START Material for this task

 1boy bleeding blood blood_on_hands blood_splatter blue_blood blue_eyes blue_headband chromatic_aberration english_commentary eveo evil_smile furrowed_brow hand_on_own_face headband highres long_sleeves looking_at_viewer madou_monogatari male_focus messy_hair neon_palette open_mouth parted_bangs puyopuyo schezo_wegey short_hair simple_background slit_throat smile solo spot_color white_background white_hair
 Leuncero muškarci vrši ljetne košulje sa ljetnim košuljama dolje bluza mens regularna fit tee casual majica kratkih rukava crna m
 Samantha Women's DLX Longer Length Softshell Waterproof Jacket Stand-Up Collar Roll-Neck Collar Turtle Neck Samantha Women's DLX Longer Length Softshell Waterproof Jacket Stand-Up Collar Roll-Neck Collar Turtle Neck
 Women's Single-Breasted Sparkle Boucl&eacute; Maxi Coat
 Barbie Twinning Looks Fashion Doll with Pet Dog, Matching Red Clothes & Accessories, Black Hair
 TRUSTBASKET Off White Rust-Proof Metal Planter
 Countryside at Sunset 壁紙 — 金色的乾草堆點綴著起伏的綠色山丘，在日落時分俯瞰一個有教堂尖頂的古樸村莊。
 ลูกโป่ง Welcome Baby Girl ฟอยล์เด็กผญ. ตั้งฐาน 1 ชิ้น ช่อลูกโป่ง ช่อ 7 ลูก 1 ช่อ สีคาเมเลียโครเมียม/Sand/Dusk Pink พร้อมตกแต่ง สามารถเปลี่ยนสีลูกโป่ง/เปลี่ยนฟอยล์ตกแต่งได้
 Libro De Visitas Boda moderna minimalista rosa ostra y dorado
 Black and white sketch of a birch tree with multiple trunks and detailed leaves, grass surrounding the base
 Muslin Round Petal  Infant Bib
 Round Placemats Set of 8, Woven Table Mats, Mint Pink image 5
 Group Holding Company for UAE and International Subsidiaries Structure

END Material for this task

### Your objective:
Would you write the material out again, exactly as given above?

### Your solution:
 1boy bleeding blood blood_on_hands blood_splatter blue_blood blue_eyes blue_headband chromatic_aberration english_commentary eveo evil_smile furrowed_brow hand_on_own_face headband highres long_sleeves looking_at_viewer madou_monogatari male_focus messy_hair neon_palette open_mouth parted_bangs puyopuyo schezo_wegey short_hair simple_background slit_throat smile solo spot_color white_background white_hair
 Leuncero muškarci vrši ljetne košulje sa ljetnim košuljama dolje bluza mens regularna fit tee casual majica kratkih rukava crna m
 Samantha Women's DLX Longer Length Softshell Waterproof Jacket Stand-Up Collar Roll-Neck Collar Turtle Neck Samantha Women's DLX Longer Length Softshell Waterproof Jacket Stand-Up Collar Roll-Neck Collar Turtle Neck
 Women's Single-Breasted Sparkle Boucl&eacute; Maxi Coat
 Barbie Twinning Looks Fashion Doll with Pet Dog, Matching Red Clothes & Accessories, Black Hair
 TRUSTBASKET Off White Rust-Proof Metal Planter
 Countryside at Sunset 壁紙 — 金色的乾草堆點綴著起伏的綠色山丘，在日落時分俯瞰一個有教堂尖頂的古樸村莊。
 ลูกโป่ง Welcome Baby Girl ฟอยล์เด็กผญ. ตั้งฐาน 1 ชิ้น ช่อลูกโป่ง ช่อ 7 ลูก 1 ช่อ สีคาเมเลียโครเมียม/Sand/Dusk Pink พร้อมตกแต่ง สามารถเปลี่ยนสีลูกโป่ง/เปลี่ยนฟอยล์ตกแต่งได้
 Libro De Visitas Boda moderna minimalista rosa ostra y dorado
 Black and white sketch of a birch tree with multiple trunks and detailed leaves, grass surrounding the base
 Muslin Round Petal  Infant Bib
 Round Placemats Set of 8, Woven Table Mats, Mint Pink image 5
 Group Holding Company for UAE and International Subsidiaries Structure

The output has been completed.